Skip to main content

Business

Biden economic advisor admits calling inflation “transitory” was a bad choice

The advisor said that the term “led to a level of ambiguity that wasn't serving the debate very well.”

July 20, 2022 9:18am

Updated: July 20, 2022 2:22pm

An economic advisor to President Joe Biden explained at the White House press conference on Monday that the administration erred in describing inflation as “transitory” last year.

Jared Bernstein, a member of the White House Council of Economic Advisors, responded to multiple reporters on the topic by explaining that the administration moved away from the word because they found it was too vague to resonate with Americans.

“I think it has to do with the ambiguity about the length of that word - is what it has to do with.” he told the press.

“Some people hear ‘transitory’ and they're going to think weeks and months. Others hear ‘transitory,’ particularly probably economists, we’re used to the broader ups and downs of cycles and think longer periods.”

The advisor admitted that the term “led to a level of ambiguity that wasn't serving the debate very well.”

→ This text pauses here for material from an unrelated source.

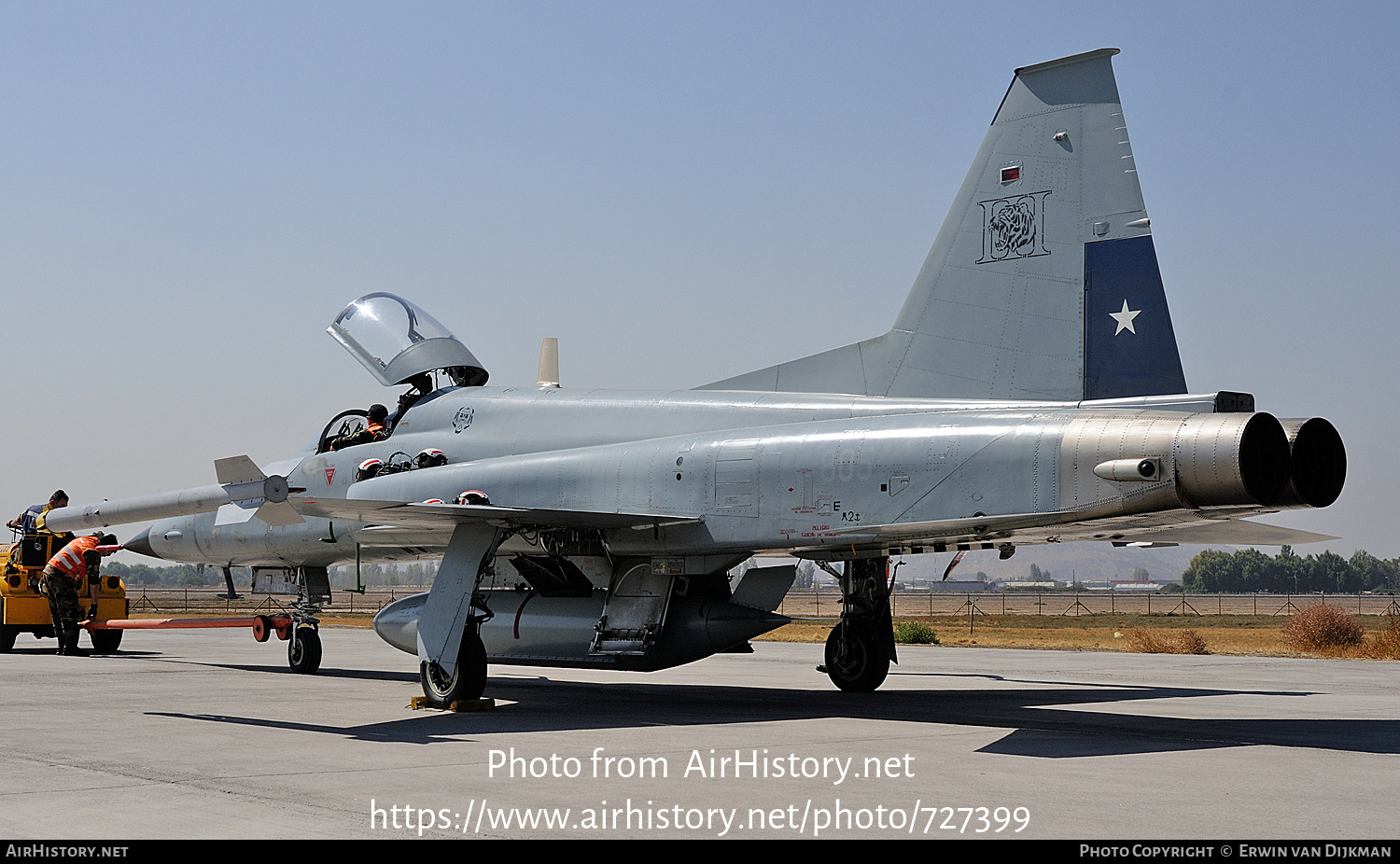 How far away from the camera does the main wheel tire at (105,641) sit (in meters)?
20.8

The White House and its supporters have repeatedly tried to brand the soaring cost of living as temporary since last summer, using terms like “transitory” and “peaking.”

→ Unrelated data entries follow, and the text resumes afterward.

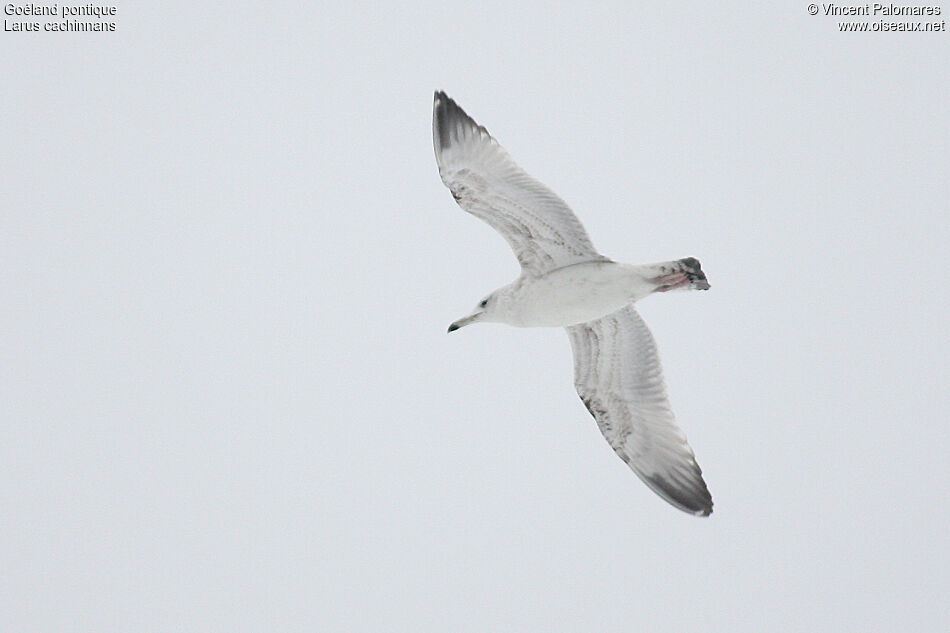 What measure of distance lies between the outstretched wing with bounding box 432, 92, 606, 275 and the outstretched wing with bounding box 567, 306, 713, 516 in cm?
118

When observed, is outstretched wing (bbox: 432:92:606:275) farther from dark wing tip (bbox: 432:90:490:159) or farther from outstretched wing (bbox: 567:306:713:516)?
outstretched wing (bbox: 567:306:713:516)

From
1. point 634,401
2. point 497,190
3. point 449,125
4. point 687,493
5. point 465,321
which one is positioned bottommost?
point 687,493

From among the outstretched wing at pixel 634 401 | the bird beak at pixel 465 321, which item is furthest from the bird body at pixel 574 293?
the outstretched wing at pixel 634 401

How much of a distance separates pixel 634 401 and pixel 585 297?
1.64m

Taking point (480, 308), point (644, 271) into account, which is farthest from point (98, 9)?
point (644, 271)

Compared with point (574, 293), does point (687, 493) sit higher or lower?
lower

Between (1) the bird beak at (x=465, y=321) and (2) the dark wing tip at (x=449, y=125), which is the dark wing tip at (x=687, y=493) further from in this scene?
(2) the dark wing tip at (x=449, y=125)

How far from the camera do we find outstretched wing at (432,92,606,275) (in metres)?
10.5

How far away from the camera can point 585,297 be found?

In June 2021, Biden said that the “overwhelming consensus” on inflation was that “it’s going to pop up a little bit and then go back down.”

After the Consumer Price Index jumped 0.9% in July 2021, then the largest increase in 13 years, Biden repeatedly used the word “temporary” to describe inflation, high prices and supply chain disruptions in an address from the White House.

But inflation has continued to set records since, hitting the 40-year high of 9.1% in June. Republicans have used the opportunity to recirculate the July 2021 clip of Biden calling inflation “temporary.”

Bernstein was not willing to comment on whether “transitory” had been “politically problematic” as Biden’s approval rating hits record lows.

“I think that when it comes to, you know, politically problematic - you've heard the president say in recent days that this is - that inflation is unacceptably high, and that bringing it down is the absolute number one domestic priority,” said the economist, pivoting away from the topic.

“And I think that that is all you need to know in terms of what he is dispatching his economics team to do in that front.”